● ABOUT THIS TASK: Exactly the line that contains "Q36.5 Unique Scarpe" and the lines following it to the end of the data are to be reproduced, and nothing more.

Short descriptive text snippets
--
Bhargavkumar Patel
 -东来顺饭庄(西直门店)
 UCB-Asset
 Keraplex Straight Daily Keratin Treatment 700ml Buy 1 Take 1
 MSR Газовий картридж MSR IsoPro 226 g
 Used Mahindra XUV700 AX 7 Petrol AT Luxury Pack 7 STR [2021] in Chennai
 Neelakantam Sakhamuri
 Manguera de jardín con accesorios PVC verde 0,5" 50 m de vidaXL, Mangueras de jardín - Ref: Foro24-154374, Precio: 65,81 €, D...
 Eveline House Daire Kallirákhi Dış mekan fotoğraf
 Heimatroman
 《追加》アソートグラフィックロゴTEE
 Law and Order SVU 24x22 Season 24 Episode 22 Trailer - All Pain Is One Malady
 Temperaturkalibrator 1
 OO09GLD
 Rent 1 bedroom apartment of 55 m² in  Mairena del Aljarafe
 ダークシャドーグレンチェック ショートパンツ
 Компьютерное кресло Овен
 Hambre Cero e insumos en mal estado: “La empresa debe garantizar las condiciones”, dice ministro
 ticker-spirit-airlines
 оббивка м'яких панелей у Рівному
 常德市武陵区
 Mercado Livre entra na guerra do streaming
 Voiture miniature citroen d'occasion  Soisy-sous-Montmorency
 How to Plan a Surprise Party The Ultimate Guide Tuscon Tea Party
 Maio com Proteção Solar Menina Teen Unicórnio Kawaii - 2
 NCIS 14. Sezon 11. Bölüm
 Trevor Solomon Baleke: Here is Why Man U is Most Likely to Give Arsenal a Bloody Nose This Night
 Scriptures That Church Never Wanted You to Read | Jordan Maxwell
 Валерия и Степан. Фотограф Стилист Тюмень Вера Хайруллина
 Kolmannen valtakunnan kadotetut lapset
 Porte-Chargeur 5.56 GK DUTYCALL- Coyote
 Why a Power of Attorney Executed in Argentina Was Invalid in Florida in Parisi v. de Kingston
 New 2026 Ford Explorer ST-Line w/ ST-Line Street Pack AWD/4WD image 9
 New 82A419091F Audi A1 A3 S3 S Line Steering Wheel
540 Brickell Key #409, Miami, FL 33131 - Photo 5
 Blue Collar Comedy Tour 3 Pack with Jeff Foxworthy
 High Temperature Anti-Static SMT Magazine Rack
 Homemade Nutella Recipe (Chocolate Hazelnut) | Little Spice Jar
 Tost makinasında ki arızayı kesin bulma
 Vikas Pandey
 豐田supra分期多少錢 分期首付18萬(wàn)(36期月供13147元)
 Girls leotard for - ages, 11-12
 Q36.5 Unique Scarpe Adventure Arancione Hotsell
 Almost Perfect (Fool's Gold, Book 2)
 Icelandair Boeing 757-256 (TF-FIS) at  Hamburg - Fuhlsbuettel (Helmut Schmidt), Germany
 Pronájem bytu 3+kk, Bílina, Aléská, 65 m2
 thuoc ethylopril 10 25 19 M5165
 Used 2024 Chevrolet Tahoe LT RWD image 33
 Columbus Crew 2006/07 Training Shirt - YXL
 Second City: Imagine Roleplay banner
--
● RESULT OF THIS EXERCISE:
 Q36.5 Unique Scarpe Adventure Arancione Hotsell
 Almost Perfect (Fool's Gold, Book 2)
 Icelandair Boeing 757-256 (TF-FIS) at  Hamburg - Fuhlsbuettel (Helmut Schmidt), Germany
 Pronájem bytu 3+kk, Bílina, Aléská, 65 m2
 thuoc ethylopril 10 25 19 M5165
 Used 2024 Chevrolet Tahoe LT RWD image 33
 Columbus Crew 2006/07 Training Shirt - YXL
 Second City: Imagine Roleplay banner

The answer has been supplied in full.